Day 4: Trust God With The Future - Parenting with God’s Peace
Day 4: Trust God with the Future
“Therefore do not worry about tomorrow, for tomorrow will worry about itself. Each day has enough trouble of its own.” (Matthew 6:34, NIV)
I hear parents do it every day in my office:
“I don’t think I’m preparing my child well for the future.”
“I haven’t had him in travel sports, and now he’ll never be able to keep up at a high school level.”
“She didn’t start cheerleading at four, and now we’ve lost our chance for her to ever make a competitive team.”
The worries can be over what we believe we haven’t offered them. The things we feel “all the other parents” have been doing that we haven’t been able to get done. We’re not keeping up, which means our children won’t be able to keep up—or measure up—in all the ways that will lead to their success, our anxiety tells us. But it’s simply not true.

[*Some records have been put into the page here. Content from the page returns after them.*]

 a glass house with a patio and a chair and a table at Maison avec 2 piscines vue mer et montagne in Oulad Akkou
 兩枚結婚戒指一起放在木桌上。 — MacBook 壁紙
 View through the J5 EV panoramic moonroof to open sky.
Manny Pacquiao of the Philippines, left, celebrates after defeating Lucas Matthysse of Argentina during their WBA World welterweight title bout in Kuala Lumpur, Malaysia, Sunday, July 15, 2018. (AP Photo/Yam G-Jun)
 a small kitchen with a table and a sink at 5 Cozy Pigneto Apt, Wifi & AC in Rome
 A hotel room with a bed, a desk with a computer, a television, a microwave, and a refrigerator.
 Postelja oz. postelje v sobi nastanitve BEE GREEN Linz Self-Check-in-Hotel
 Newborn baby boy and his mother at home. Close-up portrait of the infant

“Because he can’t sit still in kindergarten means he’ll never make it in grade school, and there’s no way he’ll be able to hold a job when he’s older.”
“If he’s not responsible enough to remember to take out the trash at thirteen, why would I ever believe he’d be responsible enough to drive a car?”
“She thinks about herself all the time as a middle schooler. I’m not sure how she’ll ever be able to have a healthy, caring relationship with another person.”
The list goes on and on. In our worry, we become fortune-tellers for our kids. We decide what’s happening now will be happening five, ten, even twenty years from now.
Kids are developing people. Our job is to eventually raise healthy, well-functioning adults. Eventually is the key word. They are not those adults yet. In terms of brain development, the last portions of our brains to develop are the frontal lobes, which house the executive functioning part of our brains. The frontal lobes help develop our working memories, dictate impulse control, help us think logically, manage our emotions, and plan for the future. In the last twenty years, neuroimaging research has taught us those frontal lobes may not be fully developed until approximately age twenty-five. Your eight-year-old isn’t capable of managing her emotions in the same way she will be at eighteen. Your twelve-year-old doesn’t yet have the skills to carry the same responsibilities he will be able to at twenty. It’s a normal and even an important stopover on the journey of development and individuation for all kids. He will get there. And so will she.
Unfortunately, when it comes to the kids we love, our worries take over and cause our shortsightedness to become long reaching. We decide, based on their own developmental immaturity, that something is wrong. Rather than seeing the gap as a normal part of their development, we believe it’s a character flaw. And worse still, one that will mark their lives, both personally and professionally, forever.
What’s a future, problematic meaning you’ve attached to an area in which your child is still growing? Your child is growing into who God has created him or her to be. Trust the process. Trust your child. And trust that there is Someone in charge who is a much better predictor of the future than you or I.
Reflect: What is one way you’ve been fortune-telling about your child’s life? What is one positive, truthful thought you can think when you are worried about your child’s future?